Editor in Chief: Moh. Reza Huwaida Saturday, July 6th, 2024

Growing Nepotism & Corruption

Nepotism continues to remain a major challenge for Afghanistan. The condition is so that only people with close ties to high government authorities can secure important positions in the government. For a common Afghan finding job has turned extremely difficult despite of having adequate education and skills. Nonetheless, people with strong affiliation with high government authorities can become mayors, governors, senators, ministers, deputy ministers and occupy any other high position in the government without having any strong educational or working background.
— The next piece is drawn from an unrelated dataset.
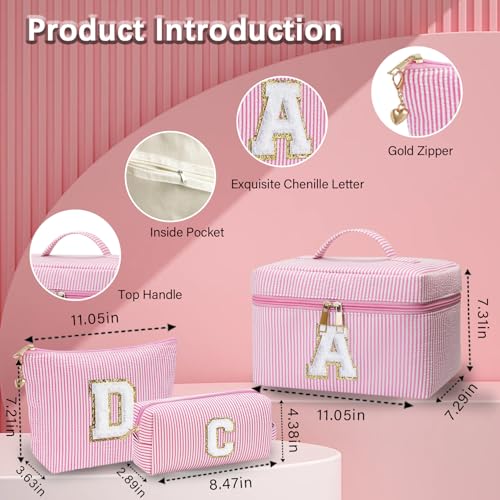 Personalized Monogram Makeup Bag, 3PCS Custom Monogrammed Toiletry Cosmetic Bag for 6-18 Teen Girls Women,Birthday Graduation Gifts Initial Pouch Makeup Bags for Women Girls, Make Up Bag (A, Pink)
Meanwhile, appointment of provincial/district mayors and governors and judicial authorities, selection of ministers and senators all take place on the basis of relations, not on the basis of merit or election. In Afghanistan the government system continues to remain greatly centralized. Major authorities are concentrated to presidential palace only. Such trends have immensely contributed to the high level of corruption and nepotism in government entities. The problem of corruption has always remained one of the top agendas of the conferences held on Afghanistan in the recent years. Corruption has hampered Afghanistan’s social, economic and political development in the last decade – an era that was deemed as ‘golden’ for the people of Afghanistan to develop and reconstruct their country. 

Karzai administration, despite knowing everything, turns a deaf ear to valid demands of the people of Afghanistan and the international community. The only step Mr. Karzai has taken so far to clean his government of corruption came on 26 July, 2012. In a decree, Mr. Karzai ordered certain key ministries and other government bodies to take specific measures for elimination of corruption and report within a fixed deadline (in months) to the presidential palace. Nevertheless, after passage more than a year condition has rather worsened.

To help Afghanistan come out of the chaos it is facing, there has always been a very high demand for reforms in the government. The Afghan government needs to make reforms and fulfill its responsibilities properly in order to gain international political and economic support in the long run.

At the crucial juncture where Afghanistan is standing today, bringing some key reforms in the government and fighting corruption are crucial for the future of stability of Afghanistan. But the Afghan government seems to lack any political will to bring reforms or fight corruption and that is quite regretful.